- Opening Delimiter -

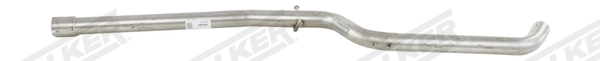 5P0253181BC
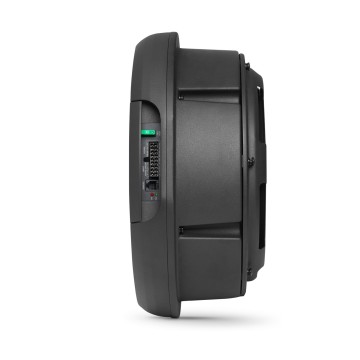 Subwoofer Amplificado JBL BassPro HUB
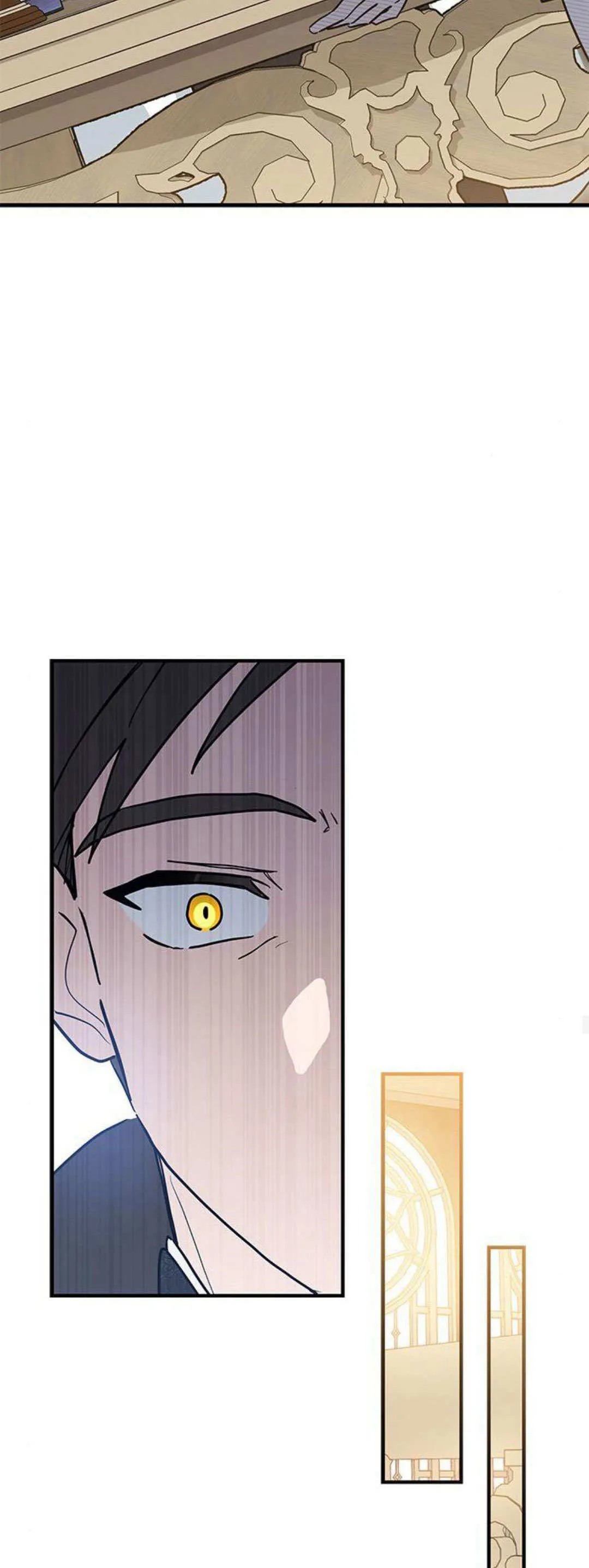 第29话 第34页
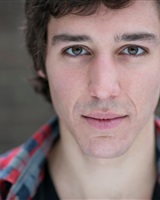 Roman Blomme
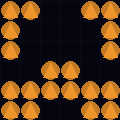 45.64.145.209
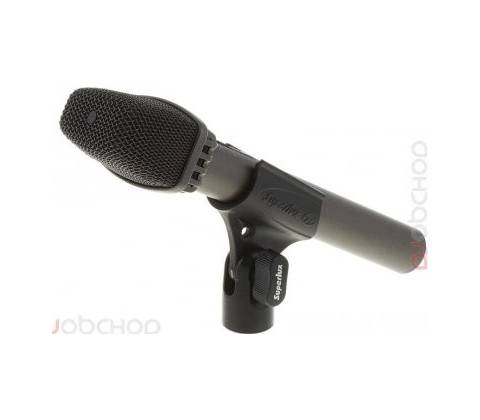 Superlux E523/D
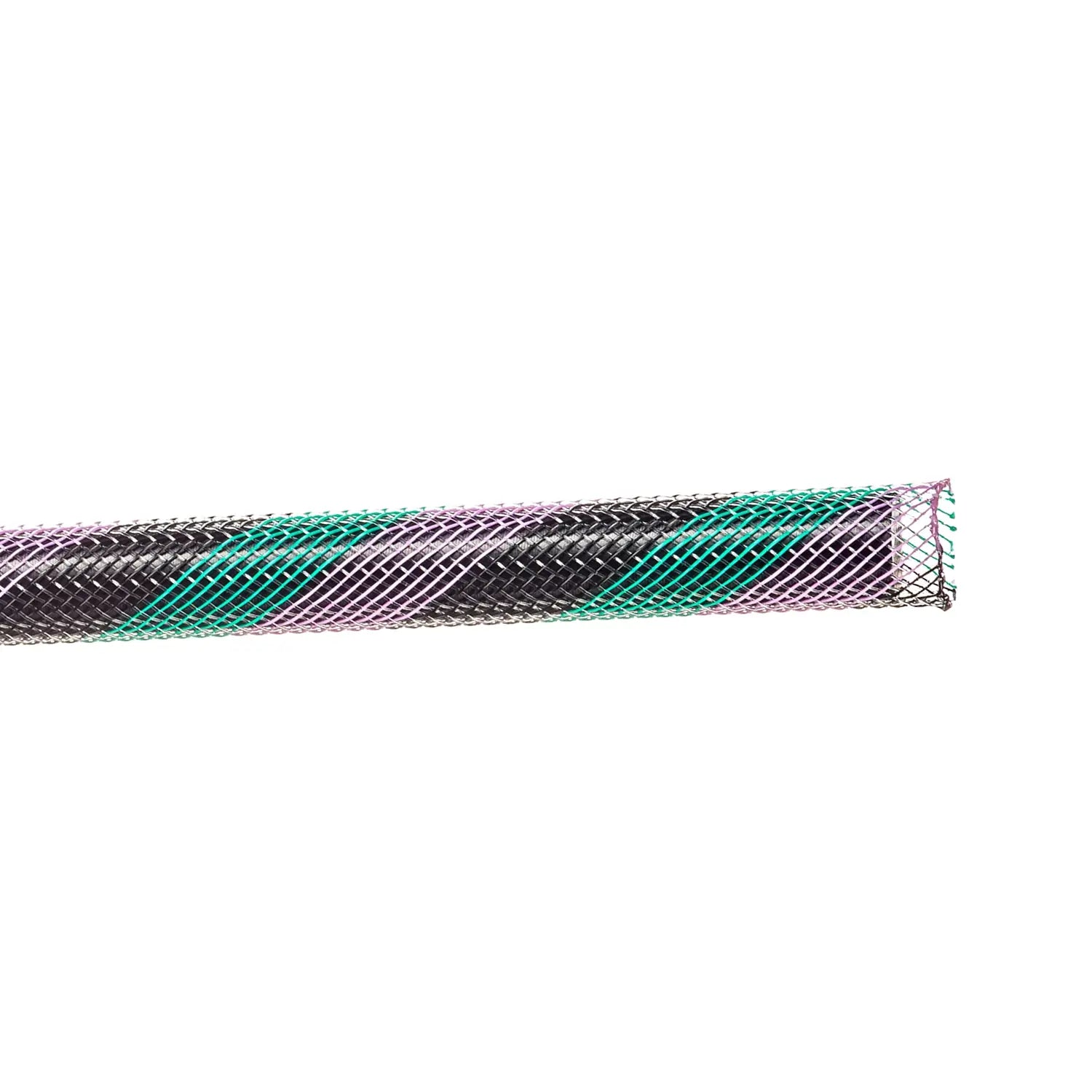 Flexo PET 6.4mm TL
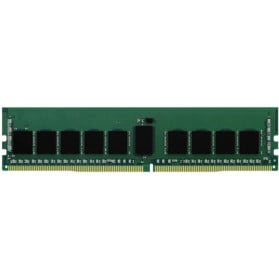 Pamięć RAM 1x32GB UDIMM DDR4 Kingston KSM26RS4, 32HCR - zdjęcie poglądowe 1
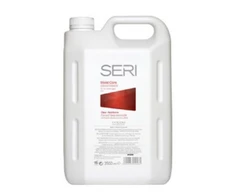 Kondicionierius sausiems pažeistiems plaukams Farcom Professional SERI Moist Core Conditioner 3500ml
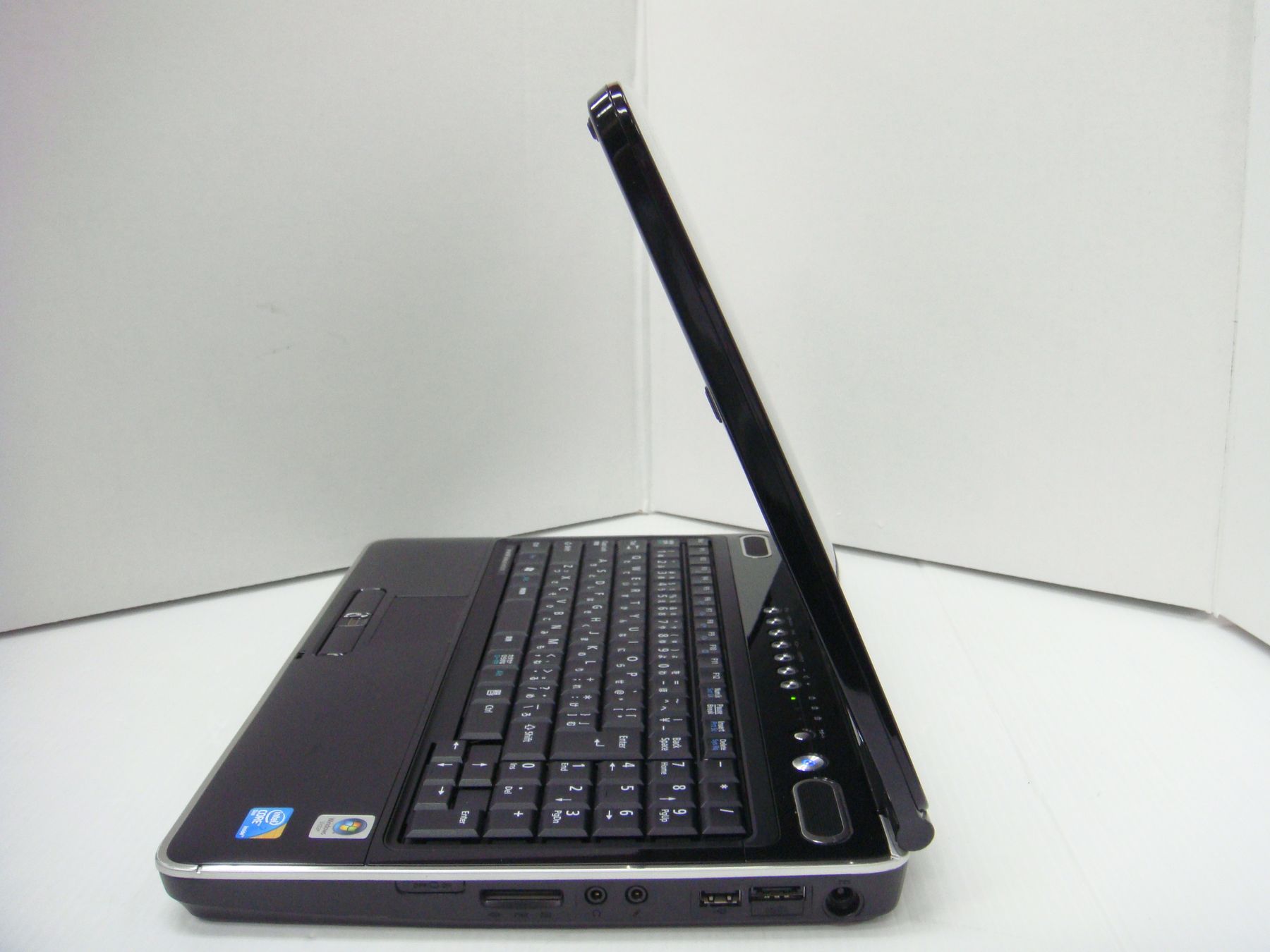 富士通　ノートPC　BIBLO　NF/D70　Office　プルシャンブルー 富士通 ノートPC BIBLO NF/D70 Office プルシャンブルー
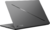 Asus - ROG Zephyrus - GU605MU-QR057W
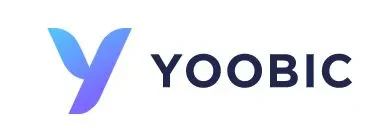 YOOBIC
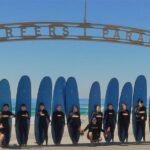 Learn to Surf at Surfers Paradise on the Gold Coast - Detailed Breakdown of the Itinerary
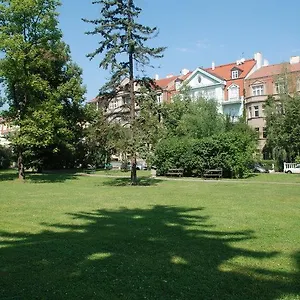 Atelier 12 Maison d'hôtes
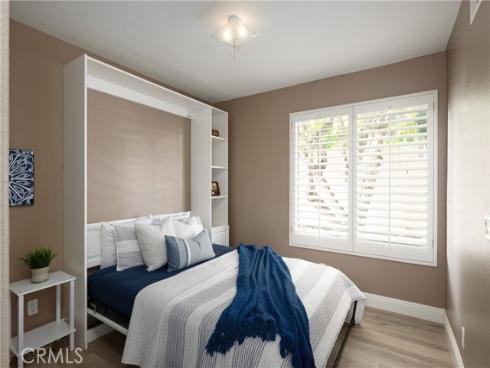 37  Sendero  , Rancho Santa Margarita, CA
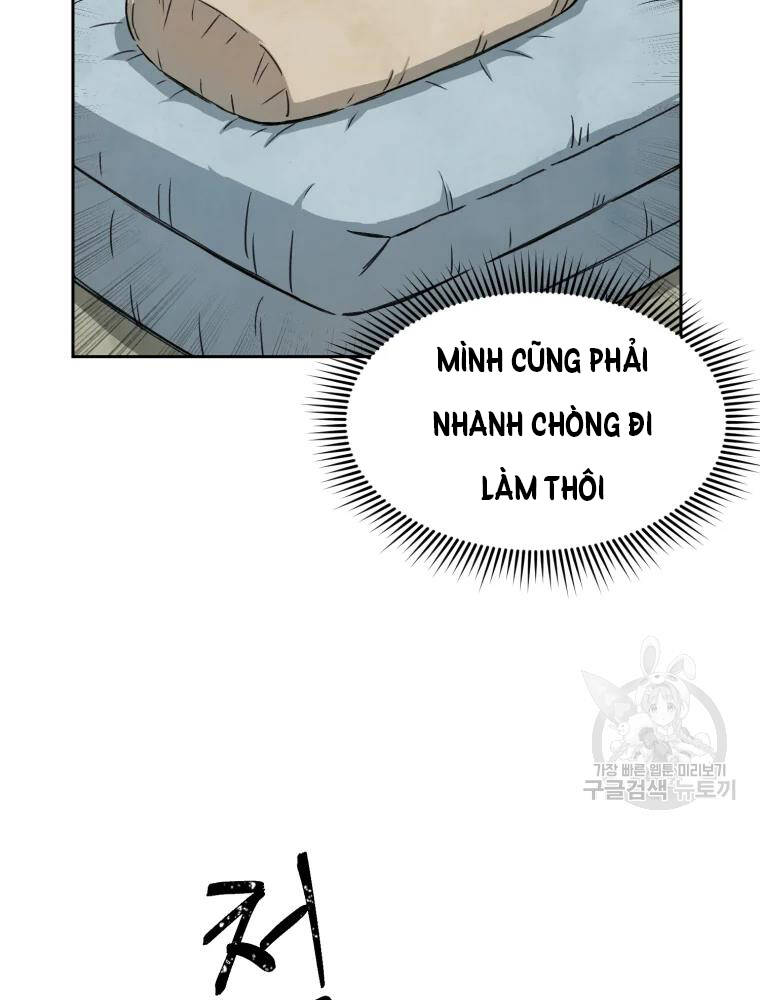 Đại Cao Thủ Chap 7 - Next Chap 8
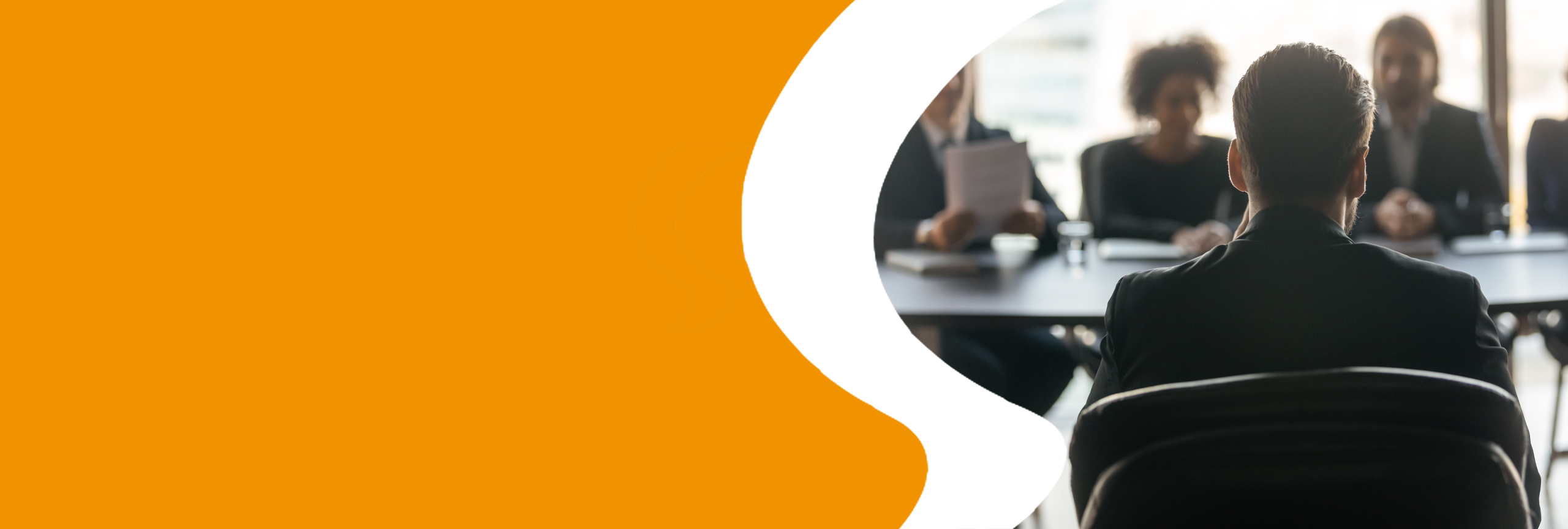 Ga goed voorbereid op gesprek met deze tips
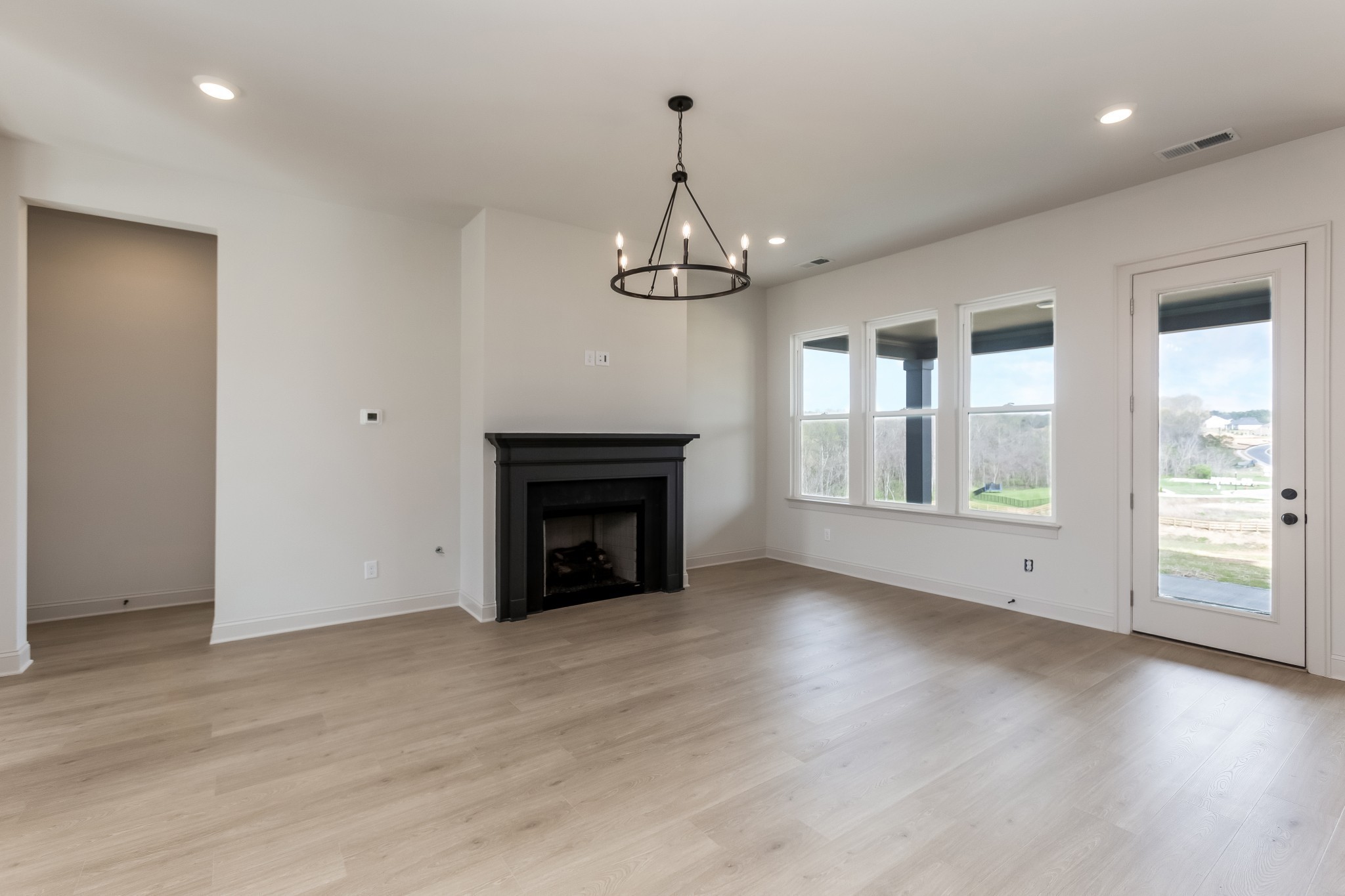 7406 Black Fox Drive Fairview TN 37062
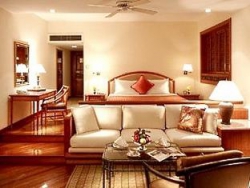 ���� ����� Furama Resort Danang 5*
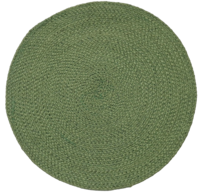 CENTROTAVOLA ADA CM36 Tellini S.r.l. Ingrosso Abbigliamento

- Closing Delimiter -

Print the material above exactly as it appears, but not its pictures.

» TASK RESPONSE
 5P0253181BC
 Subwoofer Amplificado JBL BassPro HUB
 第29话 第34页
 Roman Blomme
 45.64.145.209
 Superlux E523/D
 Flexo PET 6.4mm TL
 Pamięć RAM 1x32GB UDIMM DDR4 Kingston KSM26RS4, 32HCR - zdjęcie poglądowe 1
 Kondicionierius sausiems pažeistiems plaukams Farcom Professional SERI Moist Core Conditioner 3500ml
 富士通　ノートPC　BIBLO　NF/D70　Office　プルシャンブルー 富士通 ノートPC BIBLO NF/D70 Office プルシャンブルー
 Asus - ROG Zephyrus - GU605MU-QR057W
 YOOBIC
 Learn to Surf at Surfers Paradise on the Gold Coast - Detailed Breakdown of the Itinerary
 Atelier 12 Maison d'hôtes
 37  Sendero  , Rancho Santa Margarita, CA
 Đại Cao Thủ Chap 7 - Next Chap 8
 Ga goed voorbereid op gesprek met deze tips
 7406 Black Fox Drive Fairview TN 37062
 ���� ����� Furama Resort Danang 5*
 CENTROTAVOLA ADA CM36 Tellini S.r.l. Ingrosso Abbigliamento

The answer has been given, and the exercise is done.